Alrededor de cien personas han muerto en Afganistán en dos de las más violentas jornadas desde que el régimen talibán fue destruido por las bombas estadounidenses en 2001. El ataque de ayer en la convulsa provincia sureña de Helmand contra edificios gubernamentales y puestos de policía es el más grave en cinco años. Lejos de la progresiva aniquilación que proclama Washington, la guerrilla talibán rebrota cada primavera de forma más audaz y sanguinaria.

Estados Unidos y sus aliados, tan renuentes éstos durante los dos últimos años a ampliar su presencia militar en Afganistán, parecen no haber asumido cabalmente que el antiguo feudo integrista se mueve en el filo de la navaja. Y que evitar que regrese al caos o se convierta en generalizado campo de batalla depende, entre otros factores, de un contundente despliegue de la OTAN, en la que se configura como la operación más decisiva de la desvaída Alianza en muchos años. Se prevé que para finales de año unos 16.000 soldados internacionales asumirán la responsabilidad de la lucha contra la insurgencia, además de los más de 20.000 estadounidenses sobre el terreno.

Afganistán representa una encrucijada política y estratégica que Occidente no puede permitirse volver a perder. Pese a sus elecciones en otoño pasado, las primeras en casi 40 años, y al Gobierno que preside Ahmed Karzai, cargado de figurones y corruptos jefes locales, el país es anémico institucionalmente y exige imperiosamente afianzar una seguridad que se extiende poco más allá de los confines de Kabul y de algunas zonas del norte. La parte meridional del país es un territorio en guerra permanente, donde se manifiestan de forma creciente los mismos patrones de terror que en Irak.
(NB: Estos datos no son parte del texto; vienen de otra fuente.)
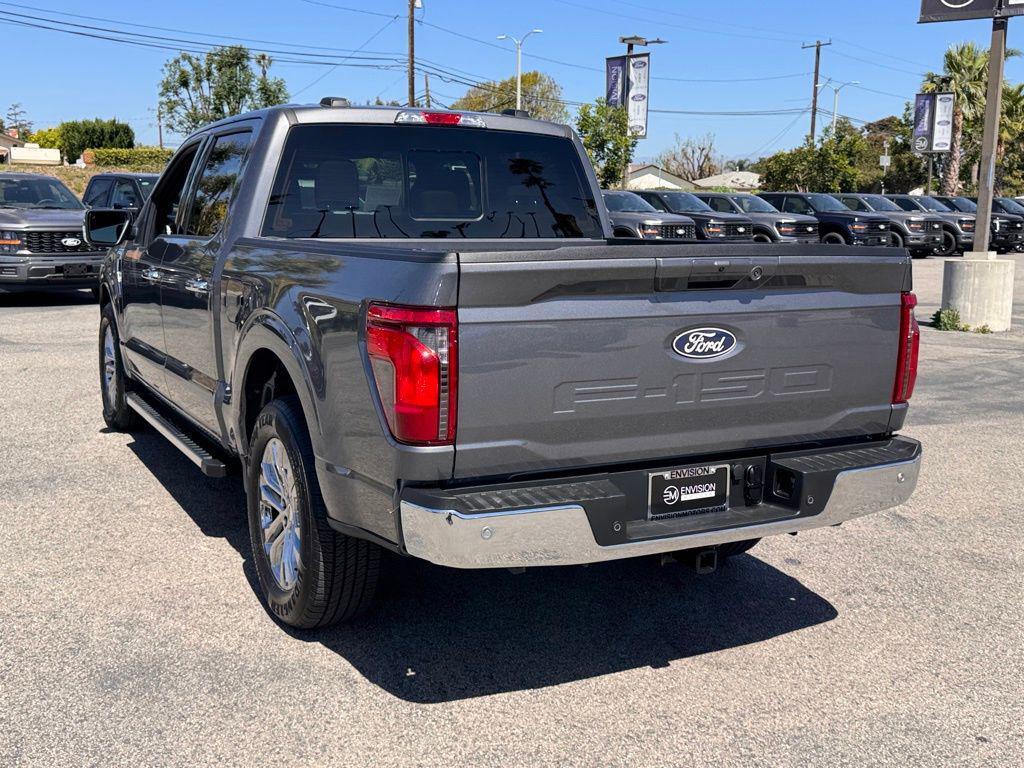 used 2025 Ford F-150 car, priced at $58,876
Además de la acción de la OTAN, el otro requisito imprescindible para asegurar Afganistán es lograr de una vez la colaboración leal de Pakistán. El oblicuo régimen del general Pervez Musharraf, privilegiado receptor de ayuda económica y militar estadounidense, quita con una mano lo que da con la otra. El resurgimiento talibán está en relación directa con el hecho de que sus fanáticos combatientes tienen sus bases en el vecino Pakistán, donde encuentran refugio y con frecuencia armas e instrucción de los servicios secretos de Islamabad.

Hace poco más de tres meses que una conferencia internacional en Londres se las prometía muy felices sobre la reconstrucción afgana. En la hoja de ruta de este loable y caro proyecto figuran mojones como la creación de una policía eficaz, la disolución de las numerosas y formidables milicias a las órdenes de caudillos periféricos o el fortalecimiento institucional. Los hechos vienen a demostrar lo ilusorio de planes tan prometedores en un país que se desliza aceleradamente por la pendiente de la anarquía.